SecondTime'Round said:


> How do you manage to have sex with your illicit lover every day? Where do you even do this?


none of your business and it means nothing that you know - your question is just nosey - I asked for advice not people asking questions that are meaningless


----------



## happy as a clam (Jan 5, 2014)

kristinjames said:


> none of your business and it means nothing that you know - your question is just nosey - I asked for advice not people asking questions that are meaningless


Look, we're asking questions because we're trying to make sense of your situation and offer you constructive advice. You posted asking for advice, no reason to get testy if we ask for clarification.

I suppose you won't answer my earlier questions either, but I'm curious to know how you managed a getaway to NYC with three young children at home, and also whether or not the new man is living in the house he bought for you. In other words, is he there waiting for you and your kids, did he already live there, or is the house sitting empty?

We can't offer cogent advice if we can't make sense of your situation.


----------



## kristinjames (Sep 9, 2015)

happy as a clam said:


> Look, we're asking questions because we're trying to make sense of your situation and offer you constructive advice. You posted asking for advice, no reason to get testy if we ask for clarification.
> 
> I suppose you won't answer my earlier questions either, but I'm curious to know how you managed a getaway to NYC with three young children at home, and also whether or not the new man is living in the house he bought for you. In other words, is he there waiting for you and your kids, did he already live there, or is the house sitting empty?
> 
> We can't offer cogent advice if we can't make sense of your situation.

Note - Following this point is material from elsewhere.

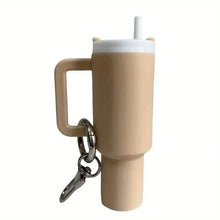 Load image into Gallery viewer, Mini Water Bottle Keychain - Street Style, Plastic Material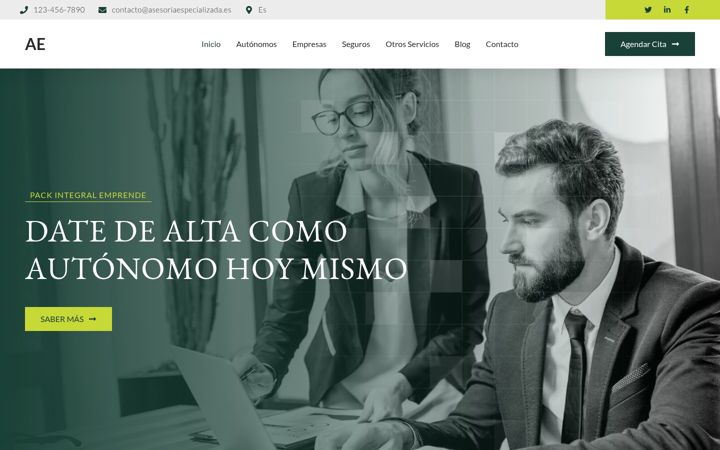 Screenshot of asesoriaespecializada.es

Ok I work for my new man and work at his home that's how we make love;
I told my husband it was a biz trip to NYC - my husband lives in the new home my new man bought and we rent it from him


----------



## SecondTime'Round (Jan 15, 2015)

So, he's your boss, landlord, and lover. Soon to be baby daddy.

My advice - just get a divorce.


----------



## GusPolinski (Jan 21, 2014)

Have fun w/ this one, folks.


----------



## happy as a clam (Jan 5, 2014)

SecondTime'Round said:


> My advice - just get a divorce.


Agree. Once your husband finds out you're pregnant with your boss's child, it's likely to end up that way anyway. Tell your husband the truth now, file for divorce, and move on with your life.


----------



## aine (Feb 15, 2014)

kristinjames said:


> I don't need confirmation - we have made love almost everyday - I have never made love and been so satisfied as I am with him - he has proven his love to me over and over and over - this is only a small snippet of what he has done for me and my family - he bought a house and rented it out to me and my family so me and my children can live in a better place and my husband - he employs me full time, he took me to NYC and dined me at the famous Waldorf Hotel - he has showered me constantly with gifts all the time - it never stops - he texts me when he can and tells me how much he loves me - he pays for things for my children and put money in bank accounts for their future - he helped my cousin out when they were being evicted by giving them $1000 to pay off debts - yes money is nothing but he gives and gives - he makes me fell like a woman and not a object and he truly loves me


So he gets sex every day and you get financial returns, sounds like prostitution to me. Is this man ready to marry you? If not then you know what you are to him. I imagine once the relationship is no longer illicit, and the day to day reality of a woman with kids and extended family who always need something, your new beau will run for the hills. Wonder who is using who is this arrangement?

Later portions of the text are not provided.